The attack itself already has had a devastating domino effect in Charm City. Residents have not been able to pay their bills online, finance department employees can only accept checks or money orders and no property transactions have been conducted since the attack. Most major title insurance companies have even prohibited their agents from issuing policies for properties in Baltimore, according to the Greater Baltimore Board of Realtors.
Citing the ongoing criminal investigation, the city's information technology boss Frank Johnson and other city leaders said their hands were tied and could not provide specifics about the attack or realistically forecast when the city would be up and running.
They do have several "work arounds" in place that allow some departments to slowly get back to business. Johnson called the situation "incredibly fluid."
"Anybody's that's in this business will tell you that as you learn more, those plans change by the minute," he said.
Unfortunately, this isn't Baltimore's first run-in with cyberattacks.
There have been two major breaches to the city's computer systems under Johnson's watch.
The latest batch of problems come just over a year after another ransomware attack slammed Baltimore's 911 dispatch system, prompting a 17-hour shutdown of automated emergency dispatching. The March 2018 attack required operating the critical 911 service in manual mode.
Johnson is one of the city's highest paid employees, earning $250,000 a year. That's more than the mayor, the city's top prosecutor and the health commissioner are paid.
This latest attack came about a week after the firing of a city employee who, the inspector general said, had downloaded thousands of sexually explicit images onto his work computer.
While all municipalities are menaced by malware, cybersecurity experts say organizations that fall victim to such attacks often haven't done a thorough job of patching systems regularly.
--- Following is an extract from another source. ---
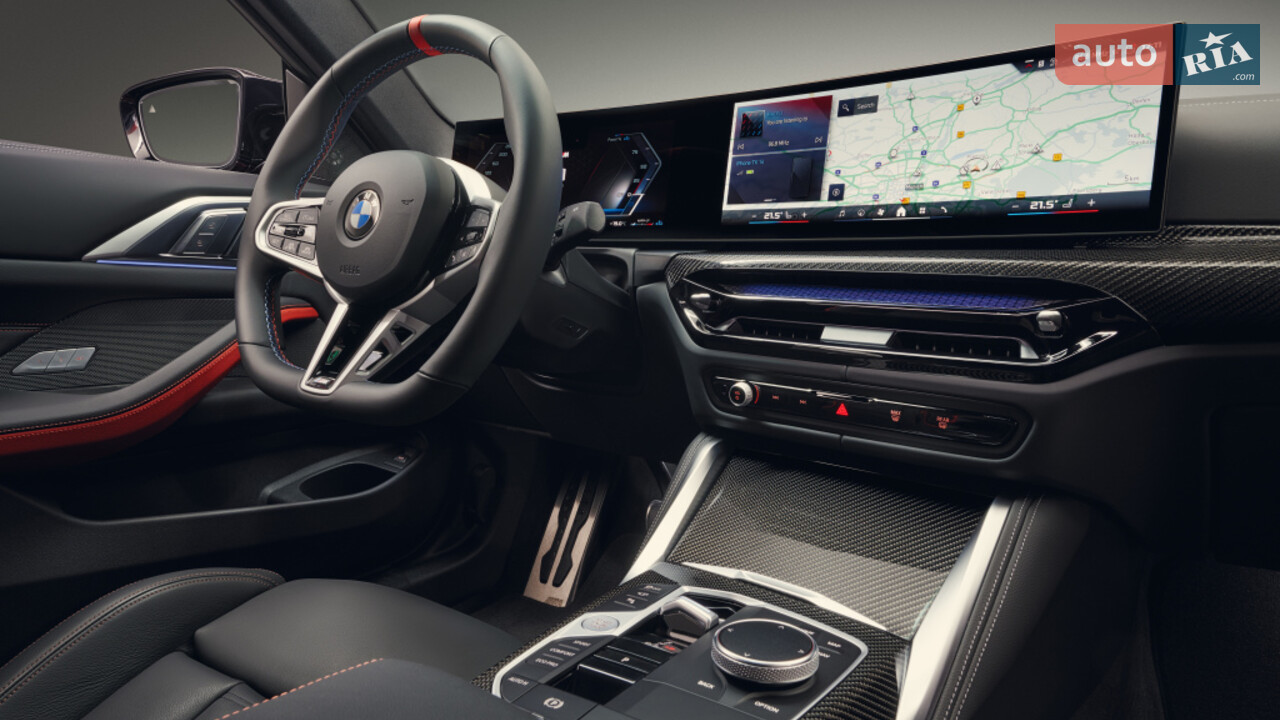 Новый  4 Series G22 (FL) купе - фото 11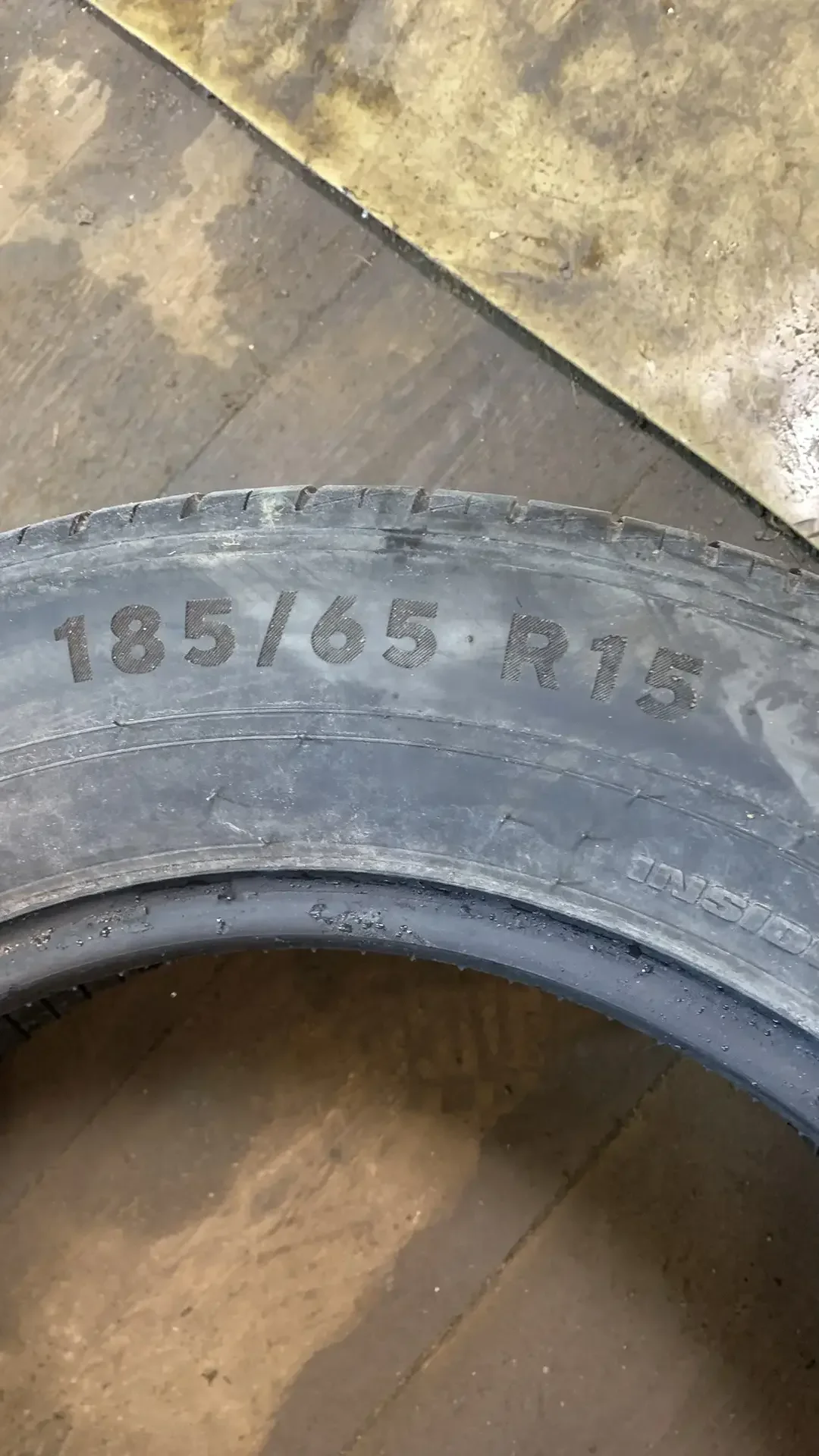 ikon tyres autograph eco 3 185/65/15 - миниатюра 2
Asher DeMetz, lead security consultant for technology company Sungard Availability Services, told The Associated Press that the number of days Baltimore's servers have been down is unusually long.
"The city of Baltimore should have been prepared with a recovery strategy and been able to recover within much much less time. That time would be dictated by a risk assessment guiding how long they can afford to be down," DeMetz said. "They shoud have been ready, especially after the previous attack, to recover from ransomware."
In the last month alone, a list of known cyberattacks includes Stuart City, Fla., City of Greenville, New York state, Imperial County, Cleveland Airport, Genesee County, Fisher County in Texas and the Sugar City School District.